Лет пять назад в магазине «Нефертити» я разыграла из себя пожилую немецкую даму и так же деловито разглядывала каталог и так же шутила, спокойно, с достоинством, а потом совершенно по–русски накупила всего подряд, целую кучу бесполезных погремушек, лишь затрудняющих путь к удовольствию.

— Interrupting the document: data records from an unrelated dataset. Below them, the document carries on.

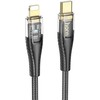 HOCO kabelis Type C į Lightning PD 27W U121 1,2 m juodas skaidrus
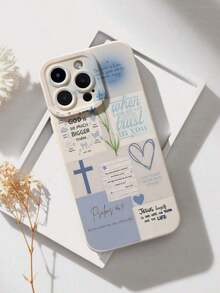 1 pieza Funda de teléfono antideslizante con estampado de lema de la cruz de Jesús compatible con iPhone 13/11/17/17pro/16/14/15/15pro/15 Plus/15 Promax/7plus/8plus/X/Xs Max/Xr/11pro/12pro/13pro/14pro/12mini/13mini/11promax/12promax/13promax/14promax/14plus/17pro Max/17Air/6/6s Plus/7/8/16Pro/16plus/16promax/Se2/17promax y compatible con Samsung Galaxy/A54/A14/A12/A13/A15/A32/A33/A24/A52S/S20/S21/S22/S23/S24/S23Plus/S24ultra/S25/A15/A33/A23 - Estilo 1 (1 pieza) - Ver 2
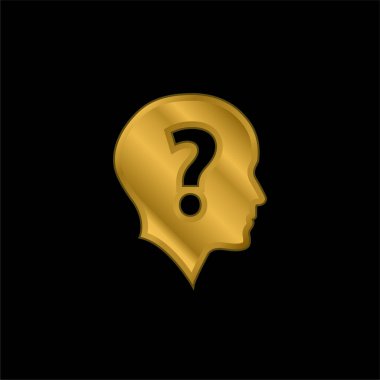 Bald Head With Question Mark gold plated metalic icon or logo vector clipart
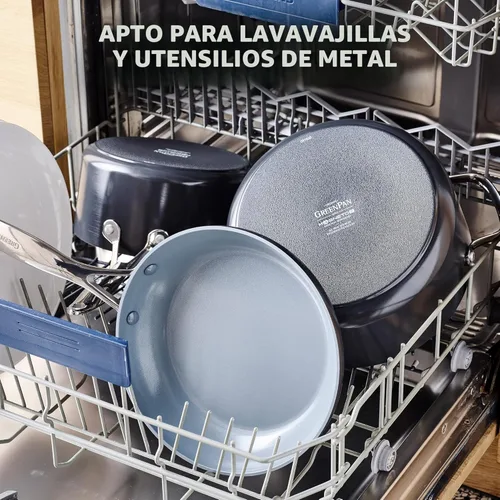 Miniatura 10 de GreenPan Valencia Pro - Juego de sartenes antiadherentes de cerámica de 10 y 12 pulgadas, utensilios de cocina anodizados duros sin PFAS, listos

Я извлекла из хлама тетрадку и устремилась к двери.
— Да куда ты?!
— Спи, спи… Я сама.
31
Сколько я себя помнила, я проживала свою жизнь для того, чтоб о ней рассказывать. Порой меня слушали вежливо, порой с интересом, иногда говорили «тебе надо писать», но кто бы на моем месте отнесся к этому всерьез! Я писала письма — своему шефу, друзьям, бывшей студентке, любимой учительнице. «Нашла способ уничтожать рукописи», — фыркнул как–то Майоров, узнав, что мой профессор выбрасывает письма. Я переписывалась с шефом с тех пор, как уехала из Москвы, шеф был рассказчиком похлеще меня, да и мало ли было рассказчиков похлеще! Сама я просто любила зайти откуда–то сбоку, сделать петлю, сменить направление, чтоб все уже думали, я заблудилась, так порой и случалось в первородной моей болтовне, тем эффектнее было вынуть зайца из рукава, обнаружить рояль в кустах, внезапно вырулить на моторке.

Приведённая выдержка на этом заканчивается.